*What to produce*
Exactly as written, reproduce the lines from the beginning of the data through the line containing "a pool with"; the pictures are not reproduced.

*Source material*

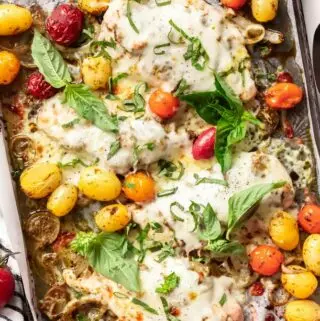 baked pesto chicken on a baking sheet with tomatoes and basil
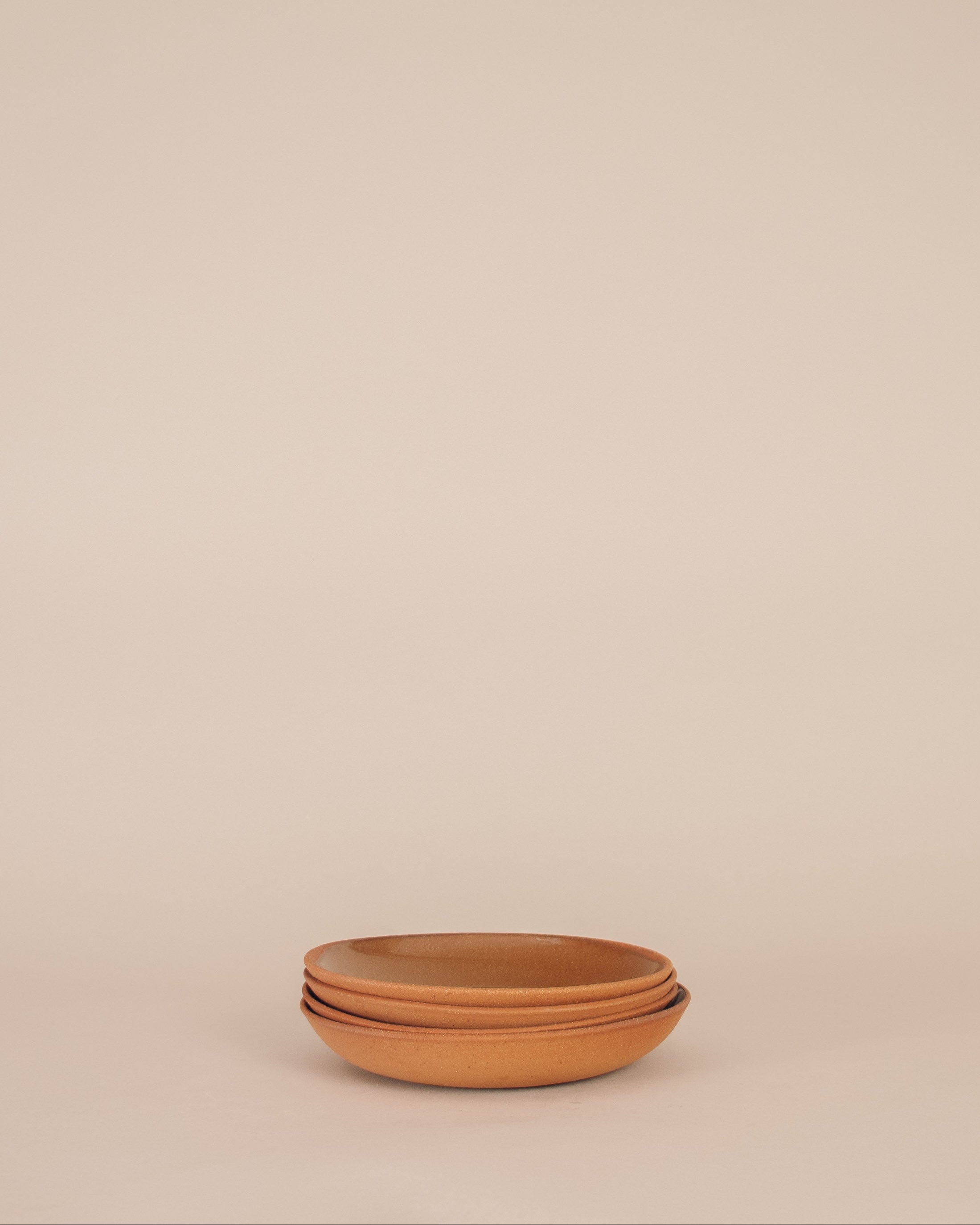 Stack of terracotta bowls on a beige background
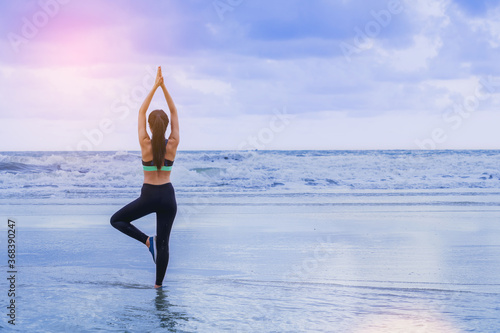 Young woman doing practice yoga on the sea beach at sunset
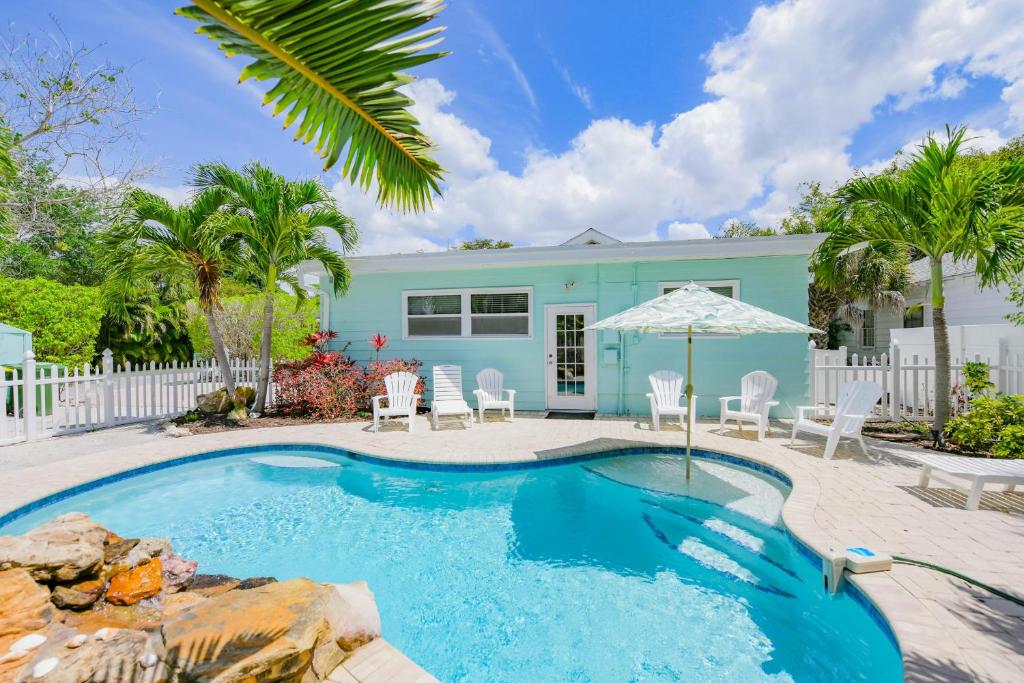 a pool with chairs and an umbrella in front of a house at Beach Side Babe in Sarasota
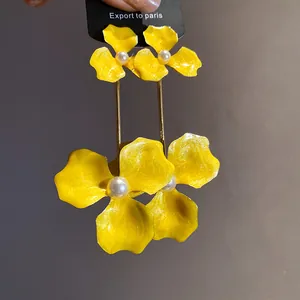 Detailaufnahme der gelben Emaille-Blumenohrringe mit eleganter weißer Perle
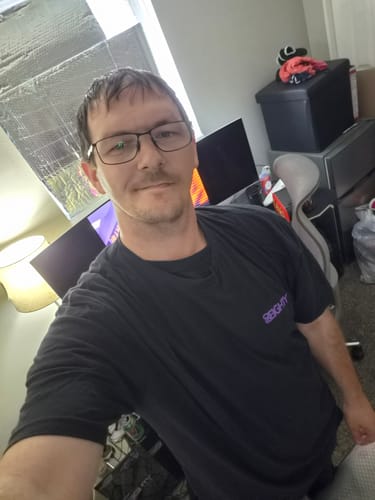 Reviewer in a room wearing the black 80Eighty® Limited Edition DCG88 Shirt.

*The answer*
 baked pesto chicken on a baking sheet with tomatoes and basil
 Stack of terracotta bowls on a beige background
 Young woman doing practice yoga on the sea beach at sunset
 a pool with chairs and an umbrella in front of a house at Beach Side Babe in Sarasota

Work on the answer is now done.